The scheme provides an annual health cover of Rs 5 lakh per family to more than 10 crore poor and vulnerable people (around 50 crore beneficiaries) for secondary and tertiary care hospitalisation.
“States have done additions to the beneficiary base. Some states were not able to locate SECC-based beneficiaries and have added their own beneficiary lists. Uttar Pradesh, for instance, has added the Antyodaya scheme,” Sharma said. “We have told the states that it’s not a problem until the total number of families in the beneficiary base as per SECC data does not exceed the total number of families in their list.”
For instance, UP has got 1.18 crore SECC families but they have located just 50 lakh SECC family members. “We told them to include any other beneficiaries either from the Antyodaya scheme or other families so that we will start funding them under the scheme,” Sharma said. “We have changed the strategy. If we were not able to locate them in the past three to four years, we may not be able to locate them now. Therefore, we have no problem if the states give us their own lists of families.”
‘DIGITAL HEALTH MISSION TRANSFORMATIONAL, NEEDS TIME TO GROW’
Under the scheme, building blocks and other components are ready such as health facility registry, drug registry, and consent manager engine.
“We have already demonstrated the format of video consultation,” Sharma said, adding that “the Universal Health Interface (UHI) that we have created is something similar to UPI. It’s like a pipe where on one side, we have all seekers such as people requiring ambulances, hospitals, and drugs, and on the other side, the provider of all those services such as labs, doctors, and pharmacies. UHI is a very powerful search platform similar to Google.”

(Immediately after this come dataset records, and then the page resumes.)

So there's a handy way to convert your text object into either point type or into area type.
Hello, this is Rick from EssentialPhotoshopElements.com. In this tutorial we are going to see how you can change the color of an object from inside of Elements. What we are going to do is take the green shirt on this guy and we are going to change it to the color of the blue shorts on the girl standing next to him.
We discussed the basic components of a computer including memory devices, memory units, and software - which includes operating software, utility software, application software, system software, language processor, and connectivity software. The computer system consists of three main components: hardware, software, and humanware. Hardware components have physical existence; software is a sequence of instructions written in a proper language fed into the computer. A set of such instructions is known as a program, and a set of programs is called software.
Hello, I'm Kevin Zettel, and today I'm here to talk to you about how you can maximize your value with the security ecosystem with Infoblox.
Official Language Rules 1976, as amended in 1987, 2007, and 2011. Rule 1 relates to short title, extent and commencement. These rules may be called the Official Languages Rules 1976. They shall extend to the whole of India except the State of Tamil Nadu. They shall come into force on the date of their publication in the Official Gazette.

He explained that “with the use of UPI, today, wallet to bank, bank to bank, bank to wallet and all such kinds of digital transactions are possible… Because of UPI, payment has become an unbundled service…”

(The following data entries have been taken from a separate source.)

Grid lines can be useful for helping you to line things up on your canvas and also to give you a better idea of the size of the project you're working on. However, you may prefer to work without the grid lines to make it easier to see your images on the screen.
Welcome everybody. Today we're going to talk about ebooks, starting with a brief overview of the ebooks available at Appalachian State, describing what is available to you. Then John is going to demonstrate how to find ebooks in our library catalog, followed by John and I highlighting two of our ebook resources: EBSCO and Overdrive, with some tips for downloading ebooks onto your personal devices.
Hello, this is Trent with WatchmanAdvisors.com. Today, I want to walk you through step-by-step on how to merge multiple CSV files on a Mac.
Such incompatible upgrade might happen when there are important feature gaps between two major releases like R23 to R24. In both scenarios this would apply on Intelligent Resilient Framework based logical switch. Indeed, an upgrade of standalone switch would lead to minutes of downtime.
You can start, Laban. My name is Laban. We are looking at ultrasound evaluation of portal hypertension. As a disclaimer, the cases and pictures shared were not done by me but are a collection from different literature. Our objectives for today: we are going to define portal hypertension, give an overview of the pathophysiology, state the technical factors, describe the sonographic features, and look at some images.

Similarly, with UHI compliance, “the search, booking and fulfilment of health services are possible”.
Blood banks, organ donation, ambulances, and a variety of services can be brought on this platform. The service provider, if complying with UHI protocol, will be able to harness this network and connect.
“It’s a very transformational project which requires the collaboration of all ecosystem stakeholders,” said Sharma.
However, the project will take time to kickstart as it primarily requires the production of digitisation of healthcare and digital health records.
“If you continued using cash, would UPI have grown? Not at all. Here also, all ecosystem partners have to collaborate, first,” Sharma said. “We cannot nudge people to use digital platforms for seeking health services. Until we start producing digital health records, this will not begin in a full-fledged manner. I can create a house and create rules for the house but cannot provide people to live in the house… I’m hopeful that people will realise as it’s a win-win for everyone… and soon they will get attracted…A few companies such as Paytm and Eka Care are helping patients in the creation of health records but the process is time-consuming and we need more people to participate in digital health.”
Ayushman Bharat Digital Mission (ABDM), in the long term, aims to achieve an affordable, quality-based healthcare system, which can be accessed by anyone and everyone across India, he said.
So far, India has created more than 23 crore health IDs.